* En la Eucaristía recibimos el misterio entero de Cristo, como queda bien expresado en la aclamación que propone la Santa Misa después de la consagración: “Anunciamos tu muerte (pasado); proclamamos tu resurrección (presente); ¡ven, Señor Jesús! (futuro).”
* En esta ocasión queremos ver la riqueza de la Eucaristía como “memorial” que nos permite asomarnos a lo más propio de Cristo; a aquello que es su obra cumbre y la expresión más hermosa de todo su ser: la Divina Eucaristía.
* Para comprenderlo mejor, miramos las partes de la Santa Misa, y descubrimos en ella dos grandes secciones: la Liturgia de la Palabra y la Liturgia de la Eucaristía.
* Lo propio de la proclamación de la Palabra es conectar el hoy de nuestro peregrinar en la fe con algunos momentos de la historia del pueblo de Dios; y ver luego como cada punto de esa Historia de Salvación apunta a una plenitud en Cristo; y descubrir finalmente como esa luz de Cristo llega a nosotros y se hace vida en nuestro tiempo y circunstancias.
* Luego ese Cristo, así mejor conocido y amado, se hace presente en medio de nosotros, en la Liturgia Eucarística, de modo que en la ofrenda de sí mismo al Padre, habiendo asumido nuestros dolores, amores y esperanzas, la Eucaristía es la cumbre del culto que la Iglesia puede ofrecer en esta tierra.
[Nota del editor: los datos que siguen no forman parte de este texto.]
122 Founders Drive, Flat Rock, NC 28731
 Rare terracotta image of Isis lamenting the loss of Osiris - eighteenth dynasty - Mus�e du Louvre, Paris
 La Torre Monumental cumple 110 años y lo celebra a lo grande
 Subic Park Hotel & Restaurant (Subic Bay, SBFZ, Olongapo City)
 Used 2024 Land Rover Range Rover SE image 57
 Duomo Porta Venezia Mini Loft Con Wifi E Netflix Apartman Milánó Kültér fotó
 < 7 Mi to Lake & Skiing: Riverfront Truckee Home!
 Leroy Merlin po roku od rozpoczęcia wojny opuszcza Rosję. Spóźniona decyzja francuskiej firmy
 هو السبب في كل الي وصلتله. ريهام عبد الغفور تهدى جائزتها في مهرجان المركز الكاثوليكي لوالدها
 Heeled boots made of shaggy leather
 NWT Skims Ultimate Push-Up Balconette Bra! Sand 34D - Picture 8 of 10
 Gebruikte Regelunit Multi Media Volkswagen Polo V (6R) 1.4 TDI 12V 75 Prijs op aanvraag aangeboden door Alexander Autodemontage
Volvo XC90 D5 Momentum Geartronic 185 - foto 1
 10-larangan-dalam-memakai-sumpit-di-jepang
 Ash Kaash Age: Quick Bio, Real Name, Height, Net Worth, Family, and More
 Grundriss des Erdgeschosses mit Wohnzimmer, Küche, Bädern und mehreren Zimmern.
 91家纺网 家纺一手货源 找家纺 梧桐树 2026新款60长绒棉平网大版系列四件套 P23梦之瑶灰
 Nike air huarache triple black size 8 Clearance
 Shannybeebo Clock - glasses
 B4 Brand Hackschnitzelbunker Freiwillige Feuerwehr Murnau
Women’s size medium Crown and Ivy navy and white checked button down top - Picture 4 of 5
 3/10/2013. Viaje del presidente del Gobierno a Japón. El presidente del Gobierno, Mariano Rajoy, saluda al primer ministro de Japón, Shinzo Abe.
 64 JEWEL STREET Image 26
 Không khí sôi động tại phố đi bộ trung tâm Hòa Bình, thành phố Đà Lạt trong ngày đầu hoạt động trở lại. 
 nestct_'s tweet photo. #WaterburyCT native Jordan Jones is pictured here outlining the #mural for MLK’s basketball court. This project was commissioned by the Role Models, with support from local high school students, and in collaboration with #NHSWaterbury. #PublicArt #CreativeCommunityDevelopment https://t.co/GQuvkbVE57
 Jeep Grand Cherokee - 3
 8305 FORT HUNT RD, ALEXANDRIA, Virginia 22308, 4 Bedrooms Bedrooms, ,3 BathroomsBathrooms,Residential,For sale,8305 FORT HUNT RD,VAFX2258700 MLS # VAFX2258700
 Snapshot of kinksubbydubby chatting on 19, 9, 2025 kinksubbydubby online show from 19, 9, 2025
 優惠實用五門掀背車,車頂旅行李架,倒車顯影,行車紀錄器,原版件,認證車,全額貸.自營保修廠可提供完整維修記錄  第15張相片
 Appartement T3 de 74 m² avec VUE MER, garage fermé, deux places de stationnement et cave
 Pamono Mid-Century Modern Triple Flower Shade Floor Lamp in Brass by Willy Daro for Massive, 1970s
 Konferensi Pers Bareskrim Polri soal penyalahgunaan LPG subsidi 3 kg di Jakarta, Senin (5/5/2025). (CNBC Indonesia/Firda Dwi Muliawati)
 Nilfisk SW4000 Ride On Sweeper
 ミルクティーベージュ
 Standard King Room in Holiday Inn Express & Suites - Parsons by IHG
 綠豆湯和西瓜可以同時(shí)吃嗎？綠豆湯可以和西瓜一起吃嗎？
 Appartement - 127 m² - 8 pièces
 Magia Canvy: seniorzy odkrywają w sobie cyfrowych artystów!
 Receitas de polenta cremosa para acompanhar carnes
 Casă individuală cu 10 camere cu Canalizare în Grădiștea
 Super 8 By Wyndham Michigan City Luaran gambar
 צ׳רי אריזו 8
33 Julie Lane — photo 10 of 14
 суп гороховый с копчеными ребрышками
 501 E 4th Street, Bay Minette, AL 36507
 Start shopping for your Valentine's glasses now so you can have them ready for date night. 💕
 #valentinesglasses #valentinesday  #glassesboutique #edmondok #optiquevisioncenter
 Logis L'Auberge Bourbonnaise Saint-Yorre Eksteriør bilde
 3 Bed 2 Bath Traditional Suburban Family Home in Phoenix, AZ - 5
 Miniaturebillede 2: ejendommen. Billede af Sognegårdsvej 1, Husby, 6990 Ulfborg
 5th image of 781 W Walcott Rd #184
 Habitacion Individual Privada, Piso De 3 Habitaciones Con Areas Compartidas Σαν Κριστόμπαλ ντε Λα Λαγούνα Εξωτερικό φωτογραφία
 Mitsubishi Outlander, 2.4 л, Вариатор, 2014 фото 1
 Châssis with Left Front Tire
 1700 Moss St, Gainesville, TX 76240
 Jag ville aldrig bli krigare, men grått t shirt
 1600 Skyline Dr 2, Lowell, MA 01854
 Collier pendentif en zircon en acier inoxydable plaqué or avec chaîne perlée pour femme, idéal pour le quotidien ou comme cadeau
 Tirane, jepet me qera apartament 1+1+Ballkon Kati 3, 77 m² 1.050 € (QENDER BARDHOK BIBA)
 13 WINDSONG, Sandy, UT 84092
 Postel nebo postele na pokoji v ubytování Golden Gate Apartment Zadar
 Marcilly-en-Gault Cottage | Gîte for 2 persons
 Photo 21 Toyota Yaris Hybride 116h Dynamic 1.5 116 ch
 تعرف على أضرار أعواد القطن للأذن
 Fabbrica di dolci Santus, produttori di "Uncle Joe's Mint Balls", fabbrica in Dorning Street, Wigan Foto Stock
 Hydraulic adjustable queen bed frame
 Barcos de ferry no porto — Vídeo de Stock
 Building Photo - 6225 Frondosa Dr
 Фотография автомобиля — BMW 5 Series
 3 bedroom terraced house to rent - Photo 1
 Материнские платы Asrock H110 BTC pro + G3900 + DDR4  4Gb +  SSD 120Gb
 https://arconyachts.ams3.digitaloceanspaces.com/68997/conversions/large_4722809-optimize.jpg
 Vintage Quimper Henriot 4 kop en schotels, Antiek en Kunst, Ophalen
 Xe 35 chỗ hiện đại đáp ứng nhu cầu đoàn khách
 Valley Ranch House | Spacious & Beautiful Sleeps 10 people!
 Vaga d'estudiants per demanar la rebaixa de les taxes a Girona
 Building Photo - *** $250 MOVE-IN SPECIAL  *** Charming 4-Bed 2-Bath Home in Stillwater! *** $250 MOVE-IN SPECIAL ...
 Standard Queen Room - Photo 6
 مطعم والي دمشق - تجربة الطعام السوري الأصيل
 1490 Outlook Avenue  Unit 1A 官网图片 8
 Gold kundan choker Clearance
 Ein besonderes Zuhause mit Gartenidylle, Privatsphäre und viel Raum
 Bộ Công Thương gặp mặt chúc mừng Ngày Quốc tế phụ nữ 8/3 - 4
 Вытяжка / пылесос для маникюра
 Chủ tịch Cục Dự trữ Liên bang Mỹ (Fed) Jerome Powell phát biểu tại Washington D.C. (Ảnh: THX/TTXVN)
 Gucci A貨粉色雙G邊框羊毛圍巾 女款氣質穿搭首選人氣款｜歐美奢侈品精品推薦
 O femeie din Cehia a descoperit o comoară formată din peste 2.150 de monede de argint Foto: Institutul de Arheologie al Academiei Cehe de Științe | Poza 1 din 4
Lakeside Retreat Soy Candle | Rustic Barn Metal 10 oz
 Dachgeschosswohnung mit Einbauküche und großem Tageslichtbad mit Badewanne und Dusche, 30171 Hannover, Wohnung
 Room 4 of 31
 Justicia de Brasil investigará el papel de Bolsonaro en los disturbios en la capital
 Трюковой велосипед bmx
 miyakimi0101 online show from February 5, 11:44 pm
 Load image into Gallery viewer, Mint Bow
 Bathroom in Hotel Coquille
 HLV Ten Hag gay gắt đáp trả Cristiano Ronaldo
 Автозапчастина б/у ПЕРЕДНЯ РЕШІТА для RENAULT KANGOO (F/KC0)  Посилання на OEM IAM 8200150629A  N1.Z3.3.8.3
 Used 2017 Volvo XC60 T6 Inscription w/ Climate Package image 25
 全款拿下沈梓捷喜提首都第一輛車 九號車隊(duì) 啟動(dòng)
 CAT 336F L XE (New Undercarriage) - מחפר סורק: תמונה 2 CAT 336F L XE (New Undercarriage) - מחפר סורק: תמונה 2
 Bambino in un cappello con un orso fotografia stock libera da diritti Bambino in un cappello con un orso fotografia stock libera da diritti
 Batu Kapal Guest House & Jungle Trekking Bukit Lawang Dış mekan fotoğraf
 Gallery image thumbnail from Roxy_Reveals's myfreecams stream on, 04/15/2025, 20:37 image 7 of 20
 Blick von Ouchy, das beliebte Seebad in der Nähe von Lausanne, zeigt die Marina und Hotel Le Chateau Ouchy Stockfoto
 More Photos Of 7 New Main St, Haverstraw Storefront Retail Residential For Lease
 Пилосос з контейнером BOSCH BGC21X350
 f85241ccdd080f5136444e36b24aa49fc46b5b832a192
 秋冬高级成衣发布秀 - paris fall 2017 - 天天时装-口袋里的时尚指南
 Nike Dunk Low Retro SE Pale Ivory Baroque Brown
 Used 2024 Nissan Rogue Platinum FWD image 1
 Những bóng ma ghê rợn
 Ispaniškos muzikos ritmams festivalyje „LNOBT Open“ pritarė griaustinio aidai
* Pero hay otra cumbre: el Cristo que recibimos al comulgar es el mismo Cristo que en la proclamación de la Palabra se ha mostrado como nuestro camino. Y esto es lo que hace absolutamente única a la Eucaristía, y al diferencia de toda otra religión: el mismo Jesucristo que nos ordena y manda algo para nuestra salvación, viniendo vivo a nosotros en la Sagrada Comunión, hace posible que lo realicemos en nuestra vida.